The law uses the term “qualified charitable distribution”to describe an IRA charitable rollover. A qualified charitable distribution is money that individuals who are 70½ or older may direct from their traditional IRA to eligible charitable organizations. The provision has a cap of $100,000 for charitable distributions from individual IRAs each year. Individuals may exclude the amount distributed directly to an eligible charity from their gross income.
What is the new expiration date of this provision?
This provision is now permanent.
Does a donor also receive a charitable deduction when they roll over assets to a charity under this provision?
No. Under this provision, donors benefit by not having to recognize the amount contributed directlyfrom their IRA to a qualifying charity. However, because donors exclude this contribution from their gross income, they cannot take a charitable contribution deduction for the contribution; to do so would result in a double benefit for donors and that is explicitly prohibited.

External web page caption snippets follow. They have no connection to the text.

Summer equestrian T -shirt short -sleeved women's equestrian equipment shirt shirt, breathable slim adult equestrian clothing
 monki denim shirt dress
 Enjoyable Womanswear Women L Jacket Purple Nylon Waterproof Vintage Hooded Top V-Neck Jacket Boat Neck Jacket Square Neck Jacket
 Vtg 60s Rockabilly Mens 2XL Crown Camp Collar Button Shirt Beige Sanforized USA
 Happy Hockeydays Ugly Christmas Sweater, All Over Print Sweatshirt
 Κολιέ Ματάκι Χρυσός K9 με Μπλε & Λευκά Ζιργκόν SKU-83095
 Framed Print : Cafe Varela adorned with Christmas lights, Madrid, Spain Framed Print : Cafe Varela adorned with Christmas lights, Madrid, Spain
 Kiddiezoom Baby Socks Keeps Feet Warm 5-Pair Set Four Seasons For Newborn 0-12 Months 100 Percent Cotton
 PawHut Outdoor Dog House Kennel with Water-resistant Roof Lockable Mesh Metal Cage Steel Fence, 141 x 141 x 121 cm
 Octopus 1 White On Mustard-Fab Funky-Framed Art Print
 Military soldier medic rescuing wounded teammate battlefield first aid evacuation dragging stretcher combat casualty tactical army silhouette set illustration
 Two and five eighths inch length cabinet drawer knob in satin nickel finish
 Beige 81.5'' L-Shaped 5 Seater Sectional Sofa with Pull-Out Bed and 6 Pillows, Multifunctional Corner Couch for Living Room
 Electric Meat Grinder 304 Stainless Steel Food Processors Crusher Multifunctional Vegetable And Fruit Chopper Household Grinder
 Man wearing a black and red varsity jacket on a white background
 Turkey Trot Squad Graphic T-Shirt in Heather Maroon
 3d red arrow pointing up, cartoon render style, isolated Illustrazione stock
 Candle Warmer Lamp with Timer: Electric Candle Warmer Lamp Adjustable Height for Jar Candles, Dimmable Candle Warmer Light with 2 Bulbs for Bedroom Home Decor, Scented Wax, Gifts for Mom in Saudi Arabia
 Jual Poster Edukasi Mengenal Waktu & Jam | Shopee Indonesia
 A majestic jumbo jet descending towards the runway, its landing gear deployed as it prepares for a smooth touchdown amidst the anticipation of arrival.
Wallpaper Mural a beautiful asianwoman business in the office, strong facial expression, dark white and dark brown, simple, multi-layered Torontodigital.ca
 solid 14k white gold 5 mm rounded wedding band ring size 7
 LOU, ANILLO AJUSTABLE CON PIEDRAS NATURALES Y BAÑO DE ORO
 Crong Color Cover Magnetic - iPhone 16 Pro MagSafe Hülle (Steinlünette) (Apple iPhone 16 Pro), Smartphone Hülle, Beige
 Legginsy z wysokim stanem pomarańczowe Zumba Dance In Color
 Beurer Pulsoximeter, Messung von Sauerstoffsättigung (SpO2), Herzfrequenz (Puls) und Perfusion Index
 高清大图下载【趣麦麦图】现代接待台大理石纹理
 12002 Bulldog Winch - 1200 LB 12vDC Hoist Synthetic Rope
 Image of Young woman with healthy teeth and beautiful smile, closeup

To which charities may donors make qualified charitable distributions?
Most contributions to public charities—other than supporting organizations—are considered qualified charitable contributions. However, distributions from IRA accounts to donor advised funds held by public charities are not considered qualified charitable distributions under this charitable rollover provision. (See What is a donor advised fund? on the Council’s website.)
Individuals can make qualified charitable distributions to a private operating foundation or to a private foundation that elects to meet the conduit rules in the year of the distribution (see Definitions, below). Neither private non-operating foundations nor split interest trusts (such as charitable remainder trusts) are eligible for special treatment as qualified charitable distributions under the law.
Will an IRA distribution to a fund held by a community foundation qualify for this special treatment?
Yes, distributions to almost all types of funds typically held by community foundations—such as scholarship, field-of-interest, and designated funds—qualify. The exception to this general statement is that a distribution to a donor advised fund will not qualify for this special treatment.
Is a donor limited to one IRA charitable distribution per year, or can a donor request multiple transfers?
Donors aged 70 ½ or older are limited to a maximum of $100,000 in any one year as an IRA charitable distribution, however there is no requirement that the entire amount be made in one transfer or that the entire amount go to a single qualified charitable organization. Donors can request multiple direct transfers from their IRA to qualified charities in a year, but only $100,000 will be excluded from income as an IRA qualified charitable distribution.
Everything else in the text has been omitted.